Sterling Grove, Serra’s Sanctum — I don’t think the enchantment theme is really going to work for this deck, so the things that focus on that overmuch
will have to get pared down. You still end up with several enchantments after the cuts I want to make, and you’re the right colors to consider Debtors’
Knell and Lurking Predators when we build things back up again, but it’d make more sense to add other tutors before Sterling Grove, and the design as
it ends up will not support enough enchantments to make it worthwhile to keep Sterling Grove in play just to protect them. And at the rate we’re going,
you’ll be hard-pressed to make Serra’s Sanctum better than basic Plains, so it’s an open slot in your manabase as well.

Sylvan Library — Just kidding. You should be adding Sensei’s Divining Top before you add your Sylvan Library to your green deck, and since
there’s no Top I wanted to joke about cutting it… and see how many people yelled at me for it. It’s in, but a deck with real dual lands in it
shouldn’t be skimping on its Sensei’s Divining Top, it looks like you plumb forgot about it when you were putting your favorite cards together.

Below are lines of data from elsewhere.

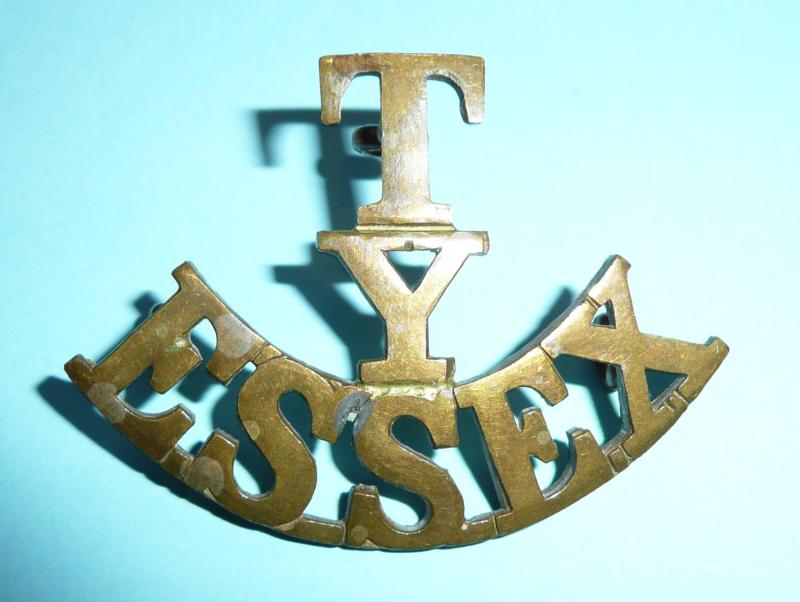 T / Y / Essex (The Essex Yeomanry) One Piece Brass Shoulder Title - Variant 2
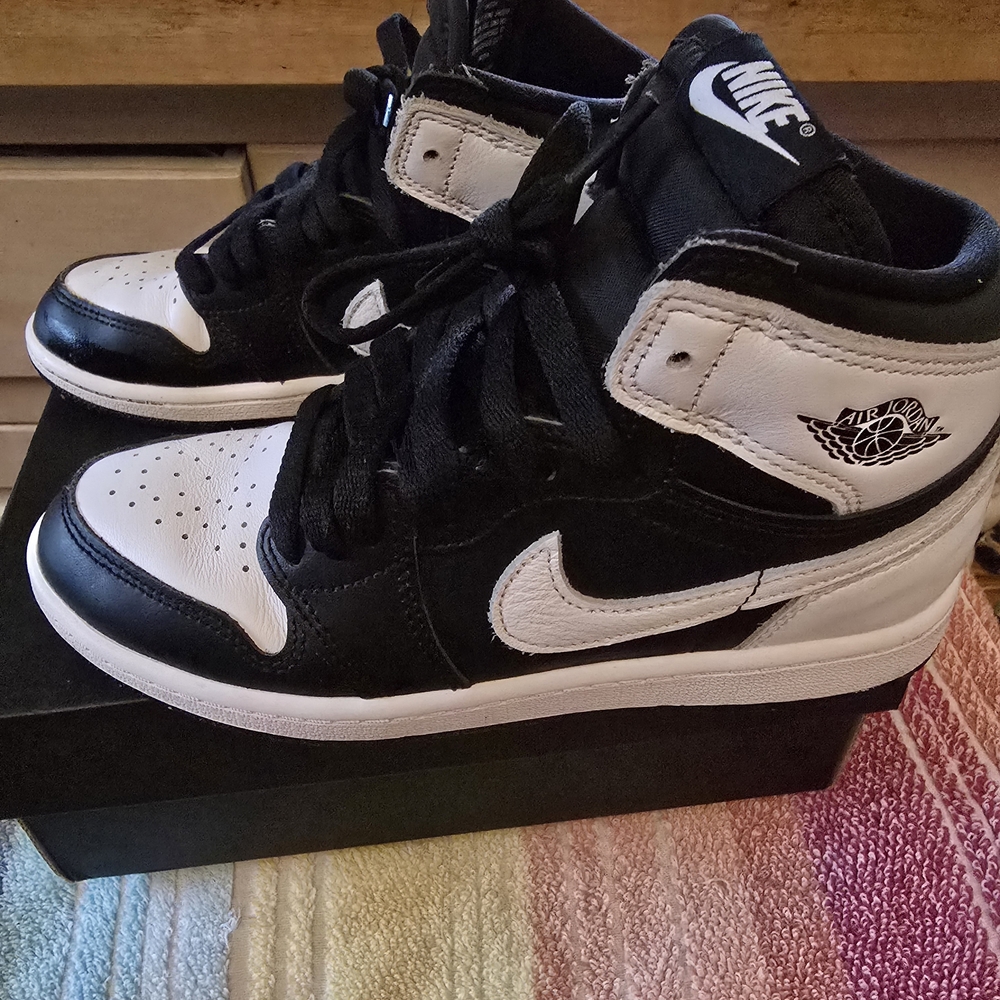 Nike Kids Sneakers Black and White
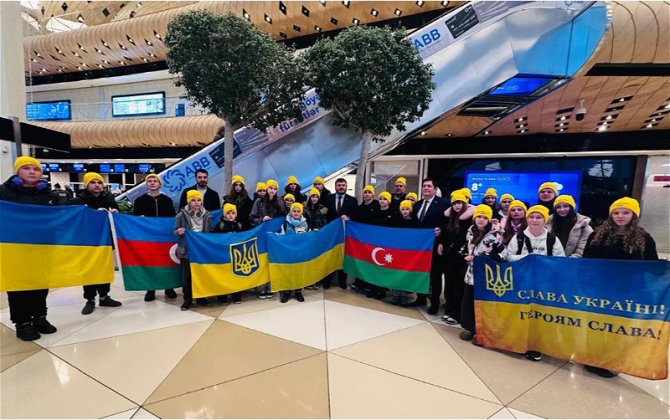 Гусев: Очередная группа украинских детей прибыла в Баку для прохождения реабилитации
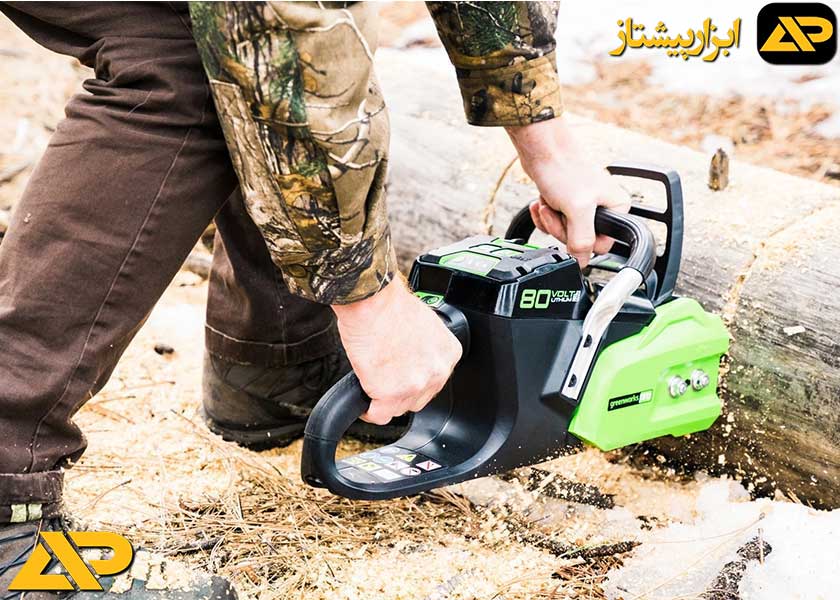 راهنمای جامع معرفی و آشنایی با اره زنجیری (Chainsaw)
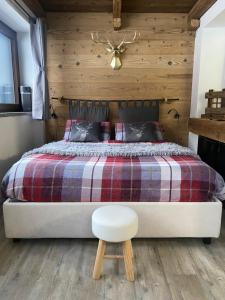 Una cama o camas en una habitación de la finestra sulla montagna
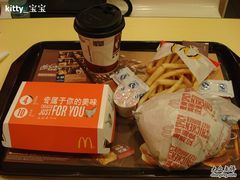 -麦当劳(世界城广场店)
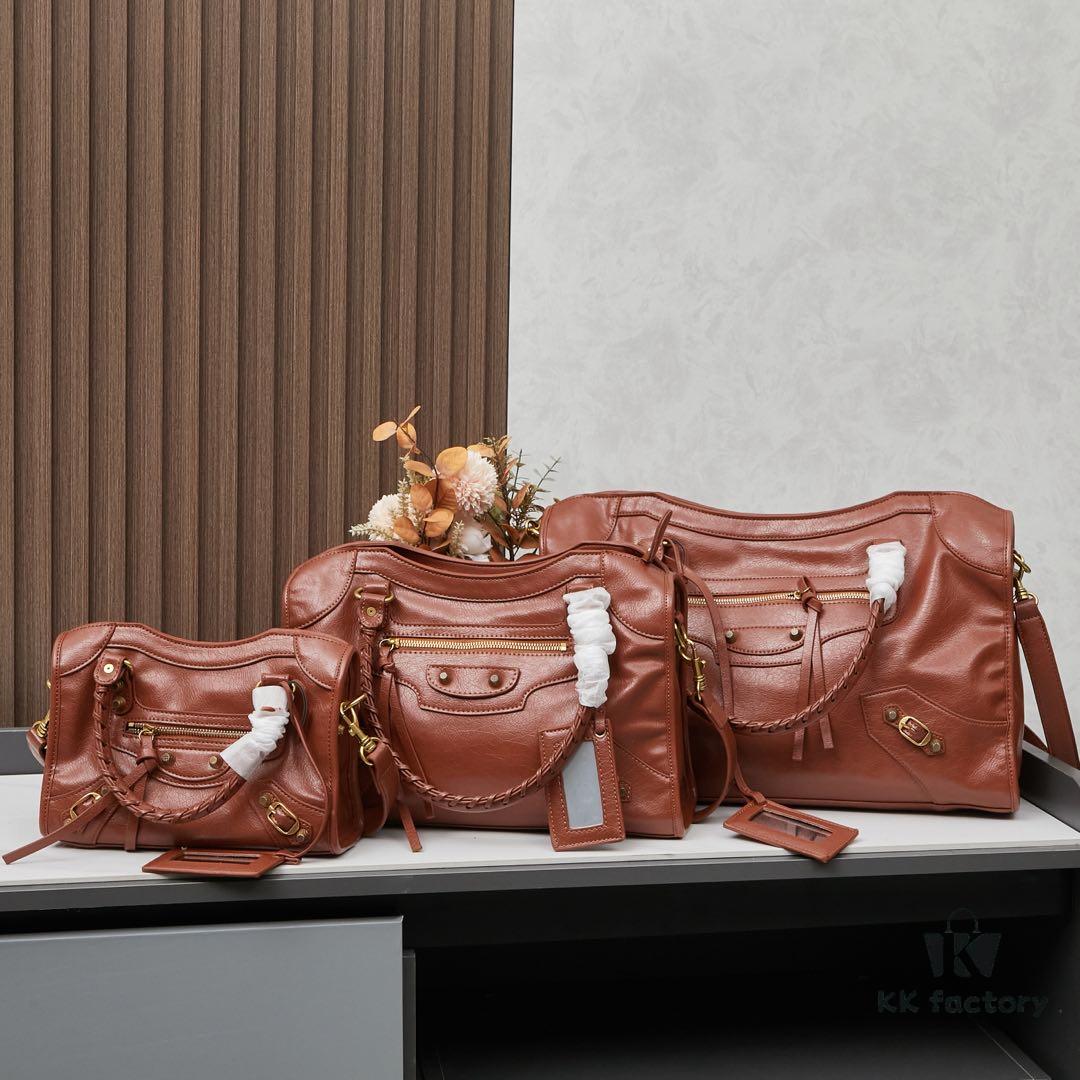 6930e08f6e68136f4d9b220a Balenciaga Motorcycle Bag in Medium Size with Gold Buckle, Includes Box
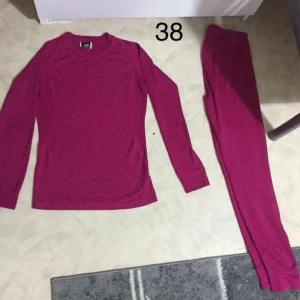 Ett sätt tröja träning med byxor  - inga problem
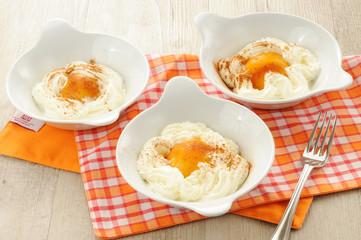 Dessert panna e pesche sciroppate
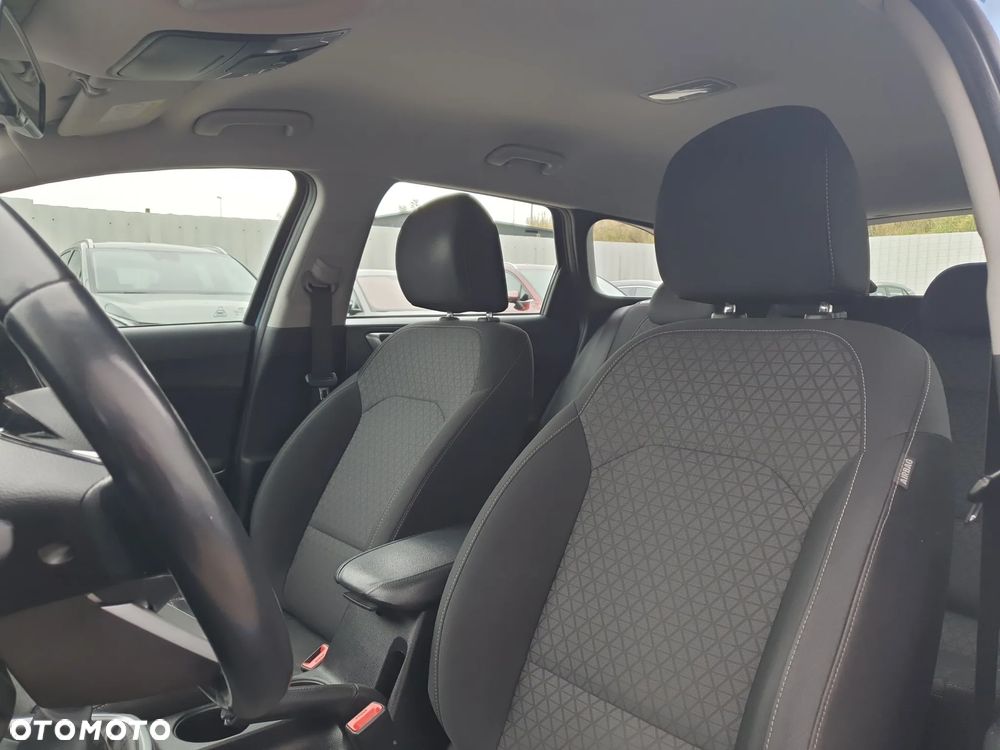 Kia Ceed 1.4 T-GDI M - 12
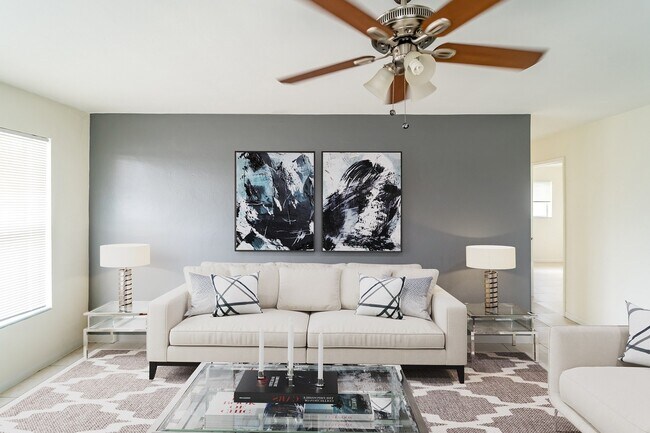 Photo - Tropical View Apartments Margate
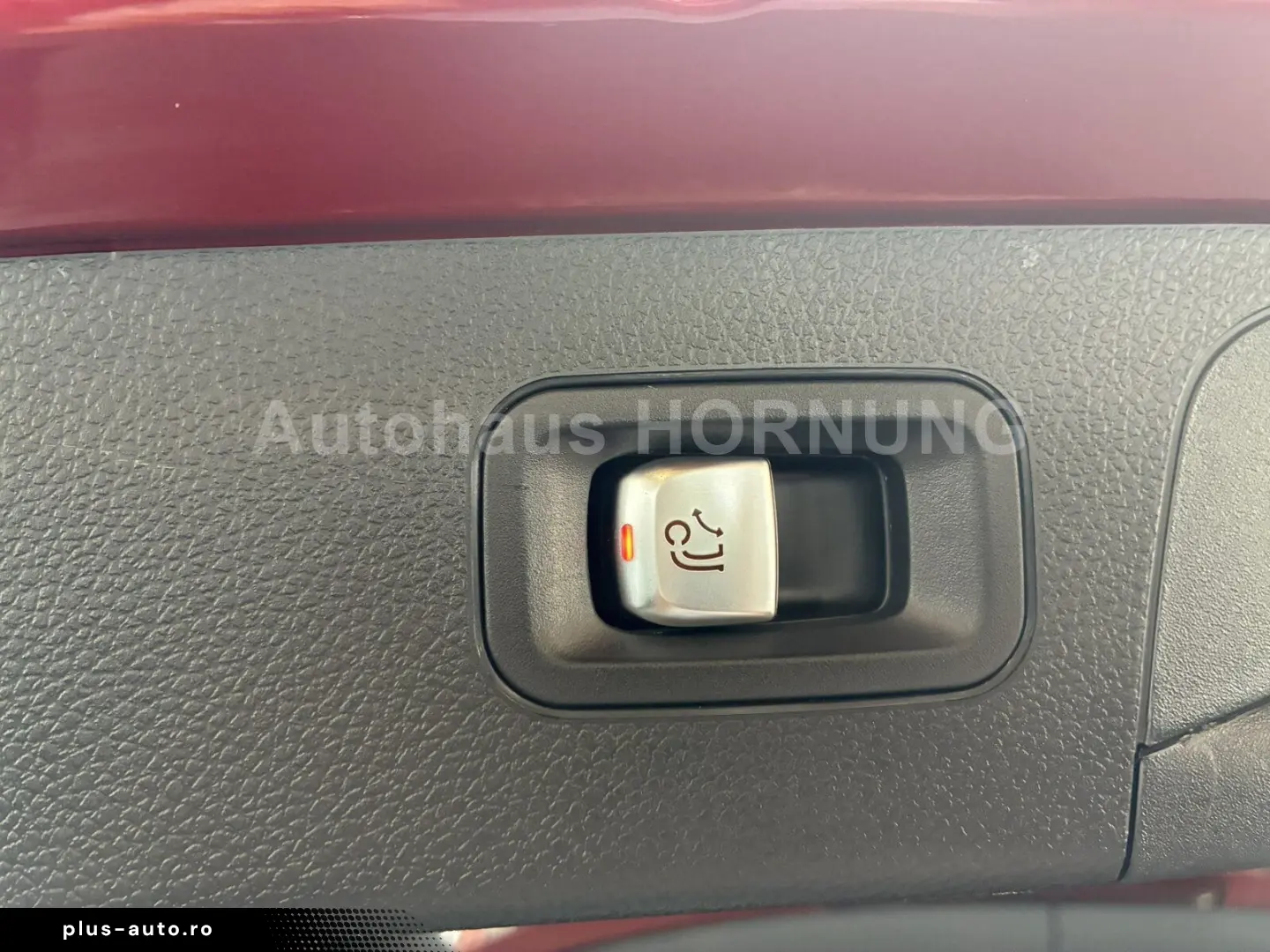 MERCEDES-BENZ GLC 200 AMG 4M PANO 360  DISTR NightP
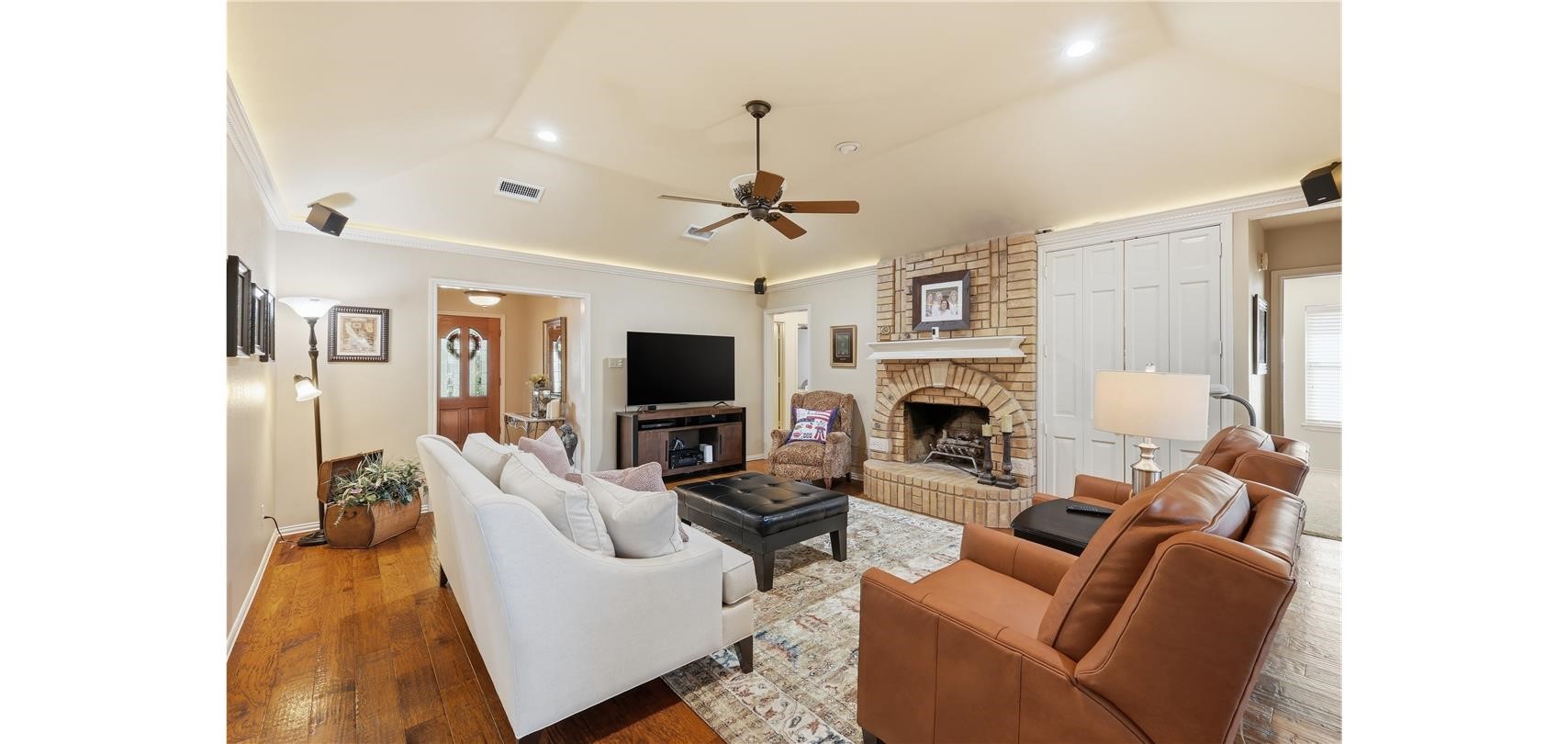 325 Marseille Drive Hurst TX 76054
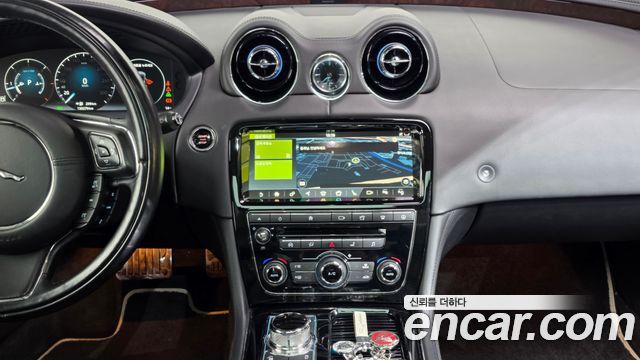 Jaguar XJ 3.0D XJ50 LWB X351 2019 — фото 14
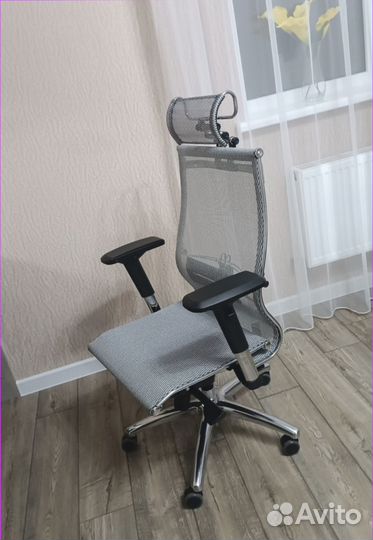 Компьютерное кресло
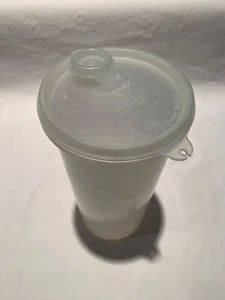 Vtg Tupperware Handolie / Juice Container 261-10 W/ Lid 563-3; 48oz - Picture 1 of 3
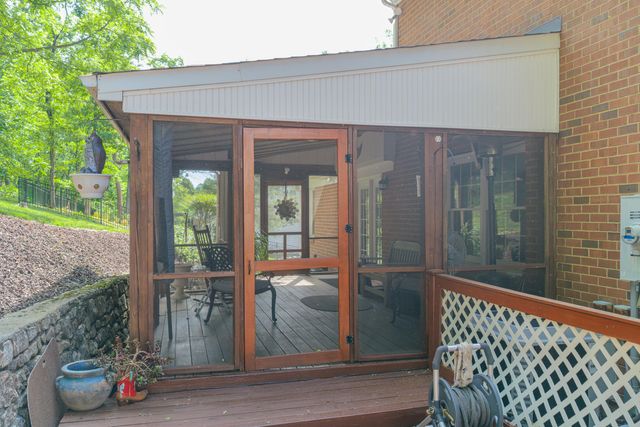 3341 Hidden Oak RD SW, Roanoke, VA 24018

Unspeakable Symbol — Another one that makes me sad to cut, but it’s just not very efficient at its job of putting something useful into play for Ghave
to work with. Ajani Goldmane is absolutely brilliant at this task, you’d think Unspeakable Symbol’s mana cost of zero would convince me, but even
starting with 40 life this runs down far too quickly for my liking and I don’t want to focus on life-gain just to make this work. Some more ways to do
it, that happen to involve spending mana, will have to suffice.

Brutalizer Exarch — A pure ‘good stuff’ addition. Note that you added the Primal Command Exarch but not Primal Command itself; I don’t think this guy
fits your theme.

Extractor Demon — There are better ways to follow through that are also on-theme. This one’s cute, but not really effective, since you don’t really use
your own graveyard and can expect an Eldrazi to stop you from milling any of your opponents out.

Knight of the Reliquary — Not on-theme, as you noted, and not synergistic in any beatdown sense either. I like that it can get Krosan Verge and profit
you on mana pretty cheaply, but not enough to give it the slot to do so.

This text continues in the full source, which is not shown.